A palavra portuguesa “pagode”, que foi adoptada noutras línguas, é um nome genérico para templo asiático, especialmente do budismo e do bramanismo. “Pagode” é também sinónimo de “pândega”, mas o mais relevante é mesmo ter-se tornado símbolo global do oriente e do exotismo. Um pagode de oito pisos com quase um metro de altura, feito em porcelana da China azul e branca, é um dos destaques do stand dos antiquários Jorge Welsh e Luísa Vinhais e também da feira TEFAF, a decorrer em Maastricht, na Holanda, entre 11 e 20 de Março, considerada a mais importante feira de arte e antiguidades.

Vindo de uma colecção particular europeia, é uma peça decorativa produzida na China no final do século XVIII ou no início do século XIX. “Das peças extraordinárias da porcelana chinesa para exportação, os pagodes são talvez as mais emblemáticas e raras. Com esta altura de quase um metro, os pagodes fazem-se apenas neste período e conhecem-se em todo o mundo cerca de dez ou 12. Os azuis e brancos são mais raros do que os da família rosa. Existe um semelhante no Rijksmuseum, em Amesterdão”, explica ao PÚBLICO o antiquário Jorge Welsh, que tem loja aberta em Lisboa e Londres e faz parte do comité executivo da TEFAF. O preço prefere não revelar, mas ultrapassa os cem mil euros.

Outra peça “rara e intrigante”, escrevem os antiquários no comunicado de imprensa sobre a sua presença na feira, é um biombo com três folhas, do período Qianlong (1736-1795).
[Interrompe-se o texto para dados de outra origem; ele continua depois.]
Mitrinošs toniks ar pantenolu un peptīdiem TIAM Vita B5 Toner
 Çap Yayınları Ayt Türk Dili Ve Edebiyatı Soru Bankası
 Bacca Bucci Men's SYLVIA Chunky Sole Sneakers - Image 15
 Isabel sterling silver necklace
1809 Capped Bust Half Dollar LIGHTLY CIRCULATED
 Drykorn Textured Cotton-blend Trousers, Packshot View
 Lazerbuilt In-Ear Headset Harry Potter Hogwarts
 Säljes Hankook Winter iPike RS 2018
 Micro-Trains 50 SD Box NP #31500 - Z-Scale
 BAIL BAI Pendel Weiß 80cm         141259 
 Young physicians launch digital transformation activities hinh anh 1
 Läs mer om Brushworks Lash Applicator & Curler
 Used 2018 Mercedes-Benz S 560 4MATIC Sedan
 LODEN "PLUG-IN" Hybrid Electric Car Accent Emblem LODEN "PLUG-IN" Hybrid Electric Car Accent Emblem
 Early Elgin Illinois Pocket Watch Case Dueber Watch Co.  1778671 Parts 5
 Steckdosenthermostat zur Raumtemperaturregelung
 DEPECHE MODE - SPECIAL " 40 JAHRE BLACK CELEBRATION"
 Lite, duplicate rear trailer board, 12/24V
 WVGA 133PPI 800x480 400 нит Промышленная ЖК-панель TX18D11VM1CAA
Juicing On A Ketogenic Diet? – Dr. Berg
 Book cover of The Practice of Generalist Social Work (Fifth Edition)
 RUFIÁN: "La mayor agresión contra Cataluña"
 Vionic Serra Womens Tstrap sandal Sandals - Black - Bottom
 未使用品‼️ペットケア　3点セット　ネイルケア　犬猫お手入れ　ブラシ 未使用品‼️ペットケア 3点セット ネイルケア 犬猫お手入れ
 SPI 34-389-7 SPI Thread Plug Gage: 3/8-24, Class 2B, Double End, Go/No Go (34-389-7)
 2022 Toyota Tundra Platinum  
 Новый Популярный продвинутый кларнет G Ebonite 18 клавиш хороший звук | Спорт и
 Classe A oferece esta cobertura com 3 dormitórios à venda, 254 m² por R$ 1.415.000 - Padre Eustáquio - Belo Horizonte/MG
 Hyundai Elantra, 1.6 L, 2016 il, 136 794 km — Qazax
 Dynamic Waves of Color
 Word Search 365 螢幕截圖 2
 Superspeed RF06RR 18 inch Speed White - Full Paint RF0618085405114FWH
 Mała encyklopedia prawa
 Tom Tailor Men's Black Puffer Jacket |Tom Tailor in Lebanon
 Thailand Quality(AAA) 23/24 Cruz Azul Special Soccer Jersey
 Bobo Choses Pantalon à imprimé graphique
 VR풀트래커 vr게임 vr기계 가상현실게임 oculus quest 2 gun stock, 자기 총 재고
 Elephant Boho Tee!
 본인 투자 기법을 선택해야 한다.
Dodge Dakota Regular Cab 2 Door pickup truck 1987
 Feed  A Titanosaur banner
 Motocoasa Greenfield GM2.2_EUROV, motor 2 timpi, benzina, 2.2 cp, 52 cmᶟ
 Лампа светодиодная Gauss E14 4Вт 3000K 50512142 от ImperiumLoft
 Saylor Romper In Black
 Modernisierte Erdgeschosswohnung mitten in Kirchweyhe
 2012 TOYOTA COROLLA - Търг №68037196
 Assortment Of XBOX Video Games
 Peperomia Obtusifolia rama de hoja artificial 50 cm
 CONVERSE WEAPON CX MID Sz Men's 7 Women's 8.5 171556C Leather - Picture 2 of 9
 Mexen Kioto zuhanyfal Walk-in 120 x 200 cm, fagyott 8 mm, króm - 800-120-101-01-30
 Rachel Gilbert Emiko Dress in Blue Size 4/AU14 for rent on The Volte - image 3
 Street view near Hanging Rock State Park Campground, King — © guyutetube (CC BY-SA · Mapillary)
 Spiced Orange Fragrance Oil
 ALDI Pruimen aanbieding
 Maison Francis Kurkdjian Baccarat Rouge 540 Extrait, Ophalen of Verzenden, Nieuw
Trata-se, na verdade, de uma tela em três painéis pintada a óleo, técnica introduzida pelos jesuítas na China durante o século XVI. O biombo foi feito para o mercado português, como mostram as três inscrições em língua portuguesa que encimam as cenas: o imperador e as corridas de cavalos, dois mandarins e uma cena de caça e ainda a comédia a propósito da tradicional dança do leão.

Esta peça, continua o comunicado, é comparável a dois biombos realizados em Macau por volta de 1708, pintados com os reis portugueses da primeira dinastia, juntamente com as guerras da Restauração, pertencentes ao Museu Nacional de Arte Antiga.

Para Jorge Welsh, a feira de Maastricht, diz nesta conversa ao telefone ainda a partir de Londres, é o acontecimento do ano no mercado das antiguidades e da arte, com os seus cerca de 275 expositores: “Não há nenhuma com requisitos de peritagem tão rigorosos. São 11 dias com cerca de mil representantes de 250 museus, 11 dias em que temos acesso aos melhores coleccionadores.”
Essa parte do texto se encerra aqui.